Once connected, list all the buckets using the command:
mc ls play minio
You can list files in a bucket say test bucket with the command:
$ mc ls play minio/test [2022-03-16 04:07:15 EDT] 0B 00000qweqwe/ [2022-03-16 05:31:53 EDT] 0B 000tut/ [2022-03-18 07:50:35 EDT] 0B 001267test/ [2022-03-16 21:03:34 EDT] 0B 3f66b017508b449781b927e876bbf640/ [2022-03-16 03:20:13 EDT] 0B 6210d9e5011632646d9b2abb/ [2022-03-16 07:05:02 EDT] 0B 622f997eb0a7c5ce72f6d199/ [2022-03-17 08:46:05 EDT] 0B 85x8nbntobfws58ue03fam8o5cowbfd3/ [2022-03-16 14:59:37 EDT] 0B 8b437f27dbac021c07d9af47b0b58290/ [2022-03-17 21:29:33 EDT] 0B abc/ ..... [2022-03-16 11:55:55 EDT] 0B zips/ [2022-03-17 11:05:01 EDT] 0B zips202203/ [2022-03-18 09:18:36 EDT] 262KiB STANDARD Install cPanel|WHM on AlmaLinux with Let's Encrypt 7.png
Create a new bucket using the syntax:
mc mb minio/<your-bucket-name>
For example, creating a bucket with the name testbucket1
$ mc mb minio/testbucket1 Bucket created successfully `minio/testbucket1`.

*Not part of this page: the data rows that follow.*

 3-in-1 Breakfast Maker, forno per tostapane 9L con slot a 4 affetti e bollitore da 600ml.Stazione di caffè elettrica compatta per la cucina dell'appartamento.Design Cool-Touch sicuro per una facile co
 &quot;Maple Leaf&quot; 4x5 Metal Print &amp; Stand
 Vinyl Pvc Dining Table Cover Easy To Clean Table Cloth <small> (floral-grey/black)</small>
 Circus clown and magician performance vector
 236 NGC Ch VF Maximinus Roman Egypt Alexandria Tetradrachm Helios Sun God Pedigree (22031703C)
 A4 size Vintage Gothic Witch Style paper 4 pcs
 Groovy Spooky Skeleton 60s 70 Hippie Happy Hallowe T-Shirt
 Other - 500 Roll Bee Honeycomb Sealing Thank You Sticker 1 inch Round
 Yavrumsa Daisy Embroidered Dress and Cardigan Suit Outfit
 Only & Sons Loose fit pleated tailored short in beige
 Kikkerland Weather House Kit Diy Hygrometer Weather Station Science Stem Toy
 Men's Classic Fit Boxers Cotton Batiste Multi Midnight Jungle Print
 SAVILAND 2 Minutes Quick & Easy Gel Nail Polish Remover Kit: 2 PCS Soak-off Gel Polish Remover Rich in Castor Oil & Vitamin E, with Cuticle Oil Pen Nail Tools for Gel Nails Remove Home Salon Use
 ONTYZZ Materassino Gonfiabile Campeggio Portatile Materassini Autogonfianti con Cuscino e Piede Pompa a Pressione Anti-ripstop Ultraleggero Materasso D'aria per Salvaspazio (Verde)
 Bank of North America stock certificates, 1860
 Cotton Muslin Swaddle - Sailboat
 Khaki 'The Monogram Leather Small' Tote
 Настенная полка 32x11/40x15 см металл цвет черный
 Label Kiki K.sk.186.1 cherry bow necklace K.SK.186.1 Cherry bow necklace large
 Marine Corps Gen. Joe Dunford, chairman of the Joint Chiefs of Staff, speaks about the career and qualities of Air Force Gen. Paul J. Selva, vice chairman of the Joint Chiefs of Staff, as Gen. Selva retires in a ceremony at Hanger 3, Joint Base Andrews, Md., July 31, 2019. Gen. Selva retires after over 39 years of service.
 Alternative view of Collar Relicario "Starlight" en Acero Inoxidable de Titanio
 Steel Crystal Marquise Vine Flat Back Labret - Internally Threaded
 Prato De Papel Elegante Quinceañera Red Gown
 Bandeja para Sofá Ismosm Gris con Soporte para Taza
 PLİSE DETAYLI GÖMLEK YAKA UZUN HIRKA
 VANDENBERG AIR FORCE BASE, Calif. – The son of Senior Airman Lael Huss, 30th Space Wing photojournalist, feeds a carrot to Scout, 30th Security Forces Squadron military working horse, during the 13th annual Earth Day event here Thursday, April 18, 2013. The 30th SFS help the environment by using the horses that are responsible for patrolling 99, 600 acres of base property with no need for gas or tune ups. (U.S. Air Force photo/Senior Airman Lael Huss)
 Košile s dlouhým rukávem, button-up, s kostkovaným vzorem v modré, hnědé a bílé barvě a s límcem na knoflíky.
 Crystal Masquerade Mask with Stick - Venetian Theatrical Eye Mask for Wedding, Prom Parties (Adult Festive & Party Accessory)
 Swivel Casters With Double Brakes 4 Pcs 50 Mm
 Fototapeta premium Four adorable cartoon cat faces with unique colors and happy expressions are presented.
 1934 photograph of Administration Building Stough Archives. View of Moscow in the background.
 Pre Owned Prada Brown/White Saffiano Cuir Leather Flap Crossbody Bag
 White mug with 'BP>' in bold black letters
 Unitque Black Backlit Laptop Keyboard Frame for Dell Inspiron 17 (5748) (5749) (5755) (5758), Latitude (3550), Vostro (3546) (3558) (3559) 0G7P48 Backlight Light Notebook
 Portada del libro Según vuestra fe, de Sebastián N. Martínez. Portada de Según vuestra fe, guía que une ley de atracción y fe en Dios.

The bucket will be available in the console.
In case you need help when using the MinIO client, get help using the command:
$ mc --help NAME: mc - MinIO Client for cloud storage and filesystems. USAGE: mc [FLAGS] COMMAND [COMMAND FLAGS | -h] [ARGUMENTS...] COMMANDS: alias manage server credentials in configuration file ls list buckets and objects mb make a bucket rb remove a bucket cp copy objects mv move objects rm remove object(s) mirror synchronize object(s) to a remote site cat display object contents head display first 'n' lines of an object pipe stream STDIN to an object find search for objects sql run sql queries on objects stat show object metadata tree list buckets and objects in a tree format du summarize disk usage recursively retention set retention for object(s) legalhold manage legal hold for object(s) support support related commands share generate URL for temporary access to an object version manage bucket versioning ilm manage bucket lifecycle encrypt manage bucket encryption config event manage object notifications watch listen for object notification events undo undo PUT/DELETE operations anonymous manage anonymous access to buckets and objects tag manage tags for bucket and object(s) diff list differences in object name, size, and date between two buckets replicate configure server side bucket replication admin manage MinIO servers update update mc to latest release
Tha marks the end of this guide.
We have gone through how to deploy and manage MinIO Storage clusters on Kubernetes. We have created a persistent volume, persistent volume claim, and a MinIO storage cluster. I hope this was significant.